Комментарии отменяются - о Легендах... М. Веллера

Комментарии отменяются

(1) Читая сборник Довлатова «Чемодан», рассказ «Офицерский ремень», я натолкнулся на эпизод, где зек рассказывает, как он украл с завода трактор, привязав сзади пустую бочку. У Веллера тоже есть подобный эпизод, передранный если не слово в слово, то очень близко к тексту.
Я, вообще, не понимаю восторгов по поводу Веллера - беллетриста (про Веллера - мыслителя я писал несколько раньше). Если мы восхищаемся им, то нужно, наверное, сначала упомянуть Сережу Довлатова, из которого Веллер вырос, ибо брал те же темы. Но если Довлатов переживал события, изложенные в его рассказах, лично, повествуя о собственном опыте, то Веллер подобного опыта не имел, а переживал все в воображении, заимствуя чужие сюжеты.
Ведь про те же «Легенды Невского проспекта» можно прочесть и у других авторов, например, у Н. Синдаловского. Разница лишь в том ключе, в котором поданы события. Но Веллера это не останавливает. Он не боится обвинений в плагиате. Добавив несколько соленых словечек, он претендует на авторство.
Так что оригинальность тем, на которых впоследствии Веллер сделал себе имя, принадлежит, несомненно, другим.
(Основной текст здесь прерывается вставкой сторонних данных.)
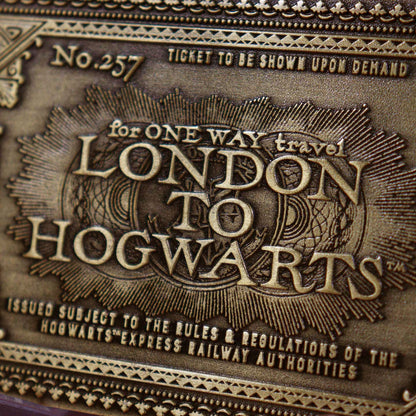 Harry Potter London to Hogwarts Express Antique Metal Collectible Ticket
Вообще, то, что принципиально отличает прозу Довлатова от Веллера – это личный опыт. События, лично пережитые автором, пропущенны через его сердце, что придает каждому описанному эпизоду неповторимую прелесть. Они остаются полнокровными детищами его фантазии, т.е. реальными фактами, пропущенными через призму творчества, придающего излагаемым событиям неопровержимые достоверность и выпуклость. Возведенные в перл творения, очищенные от шелухи сиюминутных деталей, излагаемые в рассказах Довлатова факты становятся, если можно так выразиться, еще более реальными, нежели действительные события, им предшествующие.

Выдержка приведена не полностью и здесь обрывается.